EXERCISE INSTRUCTIONS:
Return exactly the lines from the one containing "Shandong fresh ginger for export" through the last line of the records below, both included, and leave out any pictures.

Web page caption snippets:
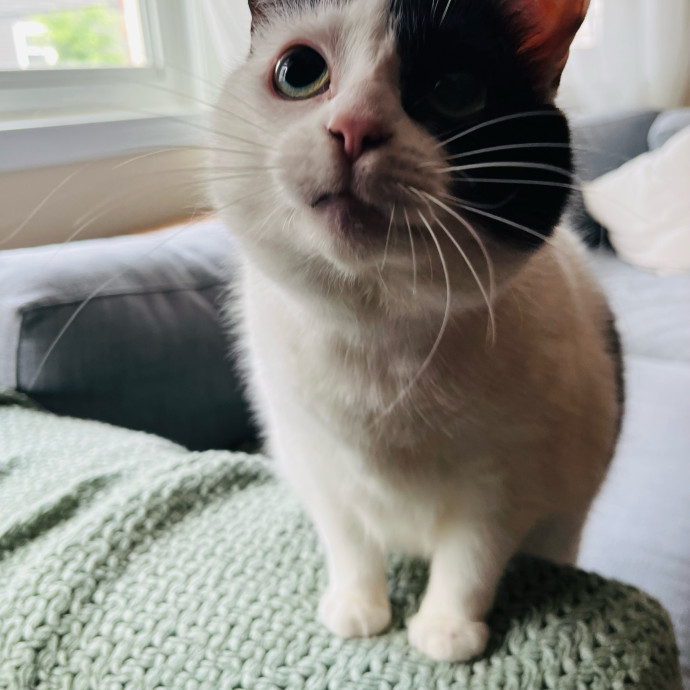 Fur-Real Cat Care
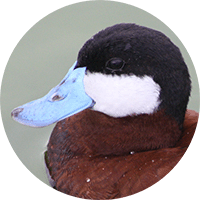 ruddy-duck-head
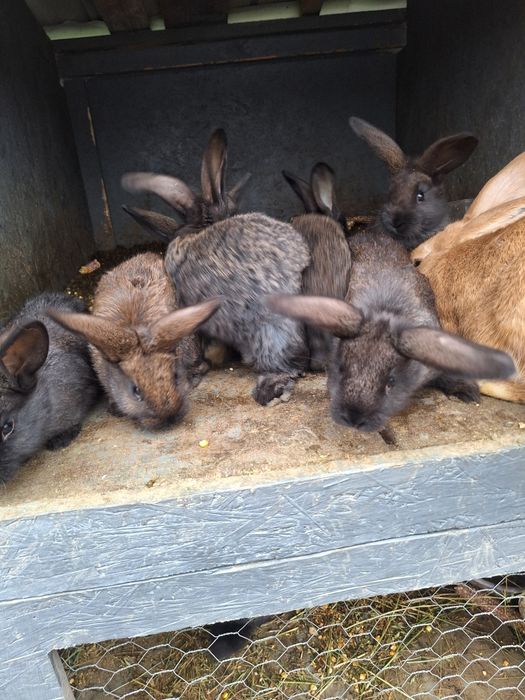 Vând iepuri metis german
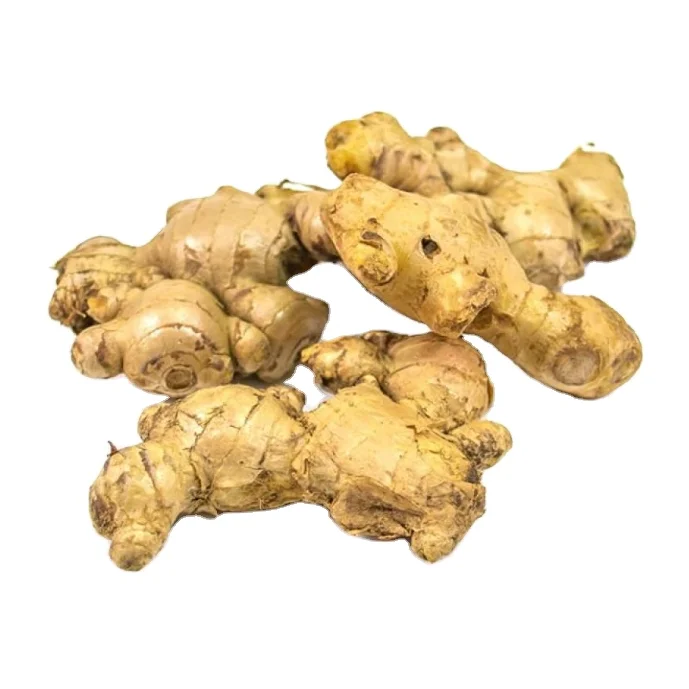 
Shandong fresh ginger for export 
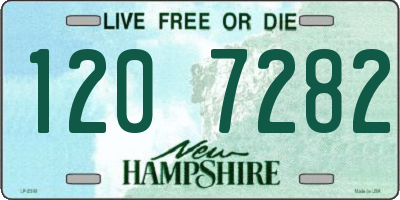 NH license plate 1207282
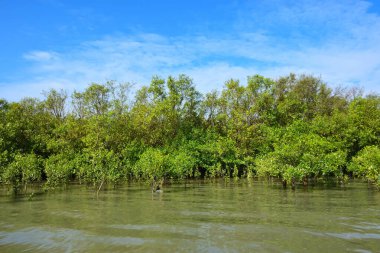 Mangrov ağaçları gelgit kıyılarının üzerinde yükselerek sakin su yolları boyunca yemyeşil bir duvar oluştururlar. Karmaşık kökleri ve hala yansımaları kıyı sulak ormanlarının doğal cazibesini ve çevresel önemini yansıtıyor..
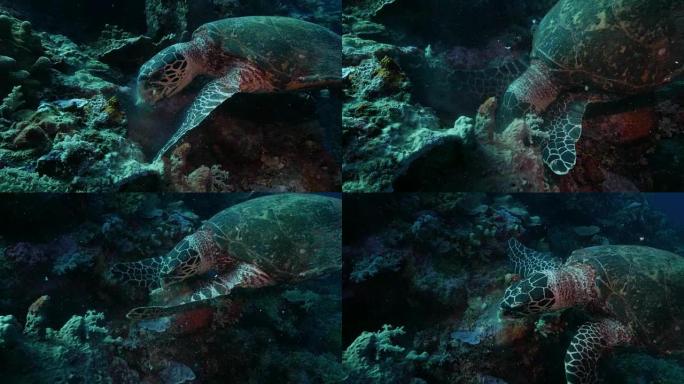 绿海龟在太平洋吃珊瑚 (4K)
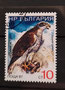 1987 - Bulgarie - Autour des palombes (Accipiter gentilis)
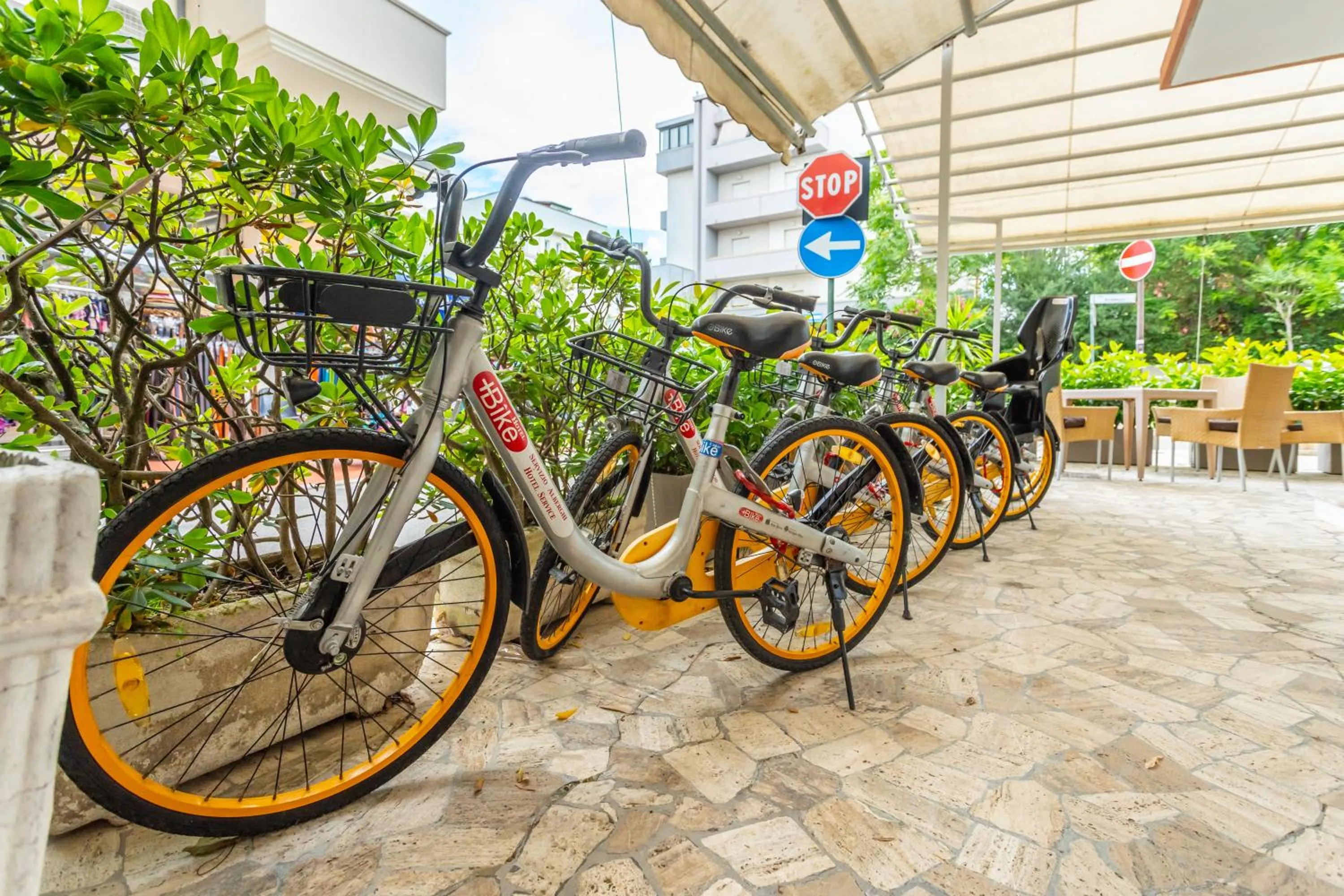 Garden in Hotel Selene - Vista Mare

TASK RESULT:
Shandong fresh ginger for export 
 NH license plate 1207282
 Mangrov ağaçları gelgit kıyılarının üzerinde yükselerek sakin su yolları boyunca yemyeşil bir duvar oluştururlar. Karmaşık kökleri ve hala yansımaları kıyı sulak ormanlarının doğal cazibesini ve çevresel önemini yansıtıyor..
 绿海龟在太平洋吃珊瑚 (4K)
 1987 - Bulgarie - Autour des palombes (Accipiter gentilis)
 Garden in Hotel Selene - Vista Mare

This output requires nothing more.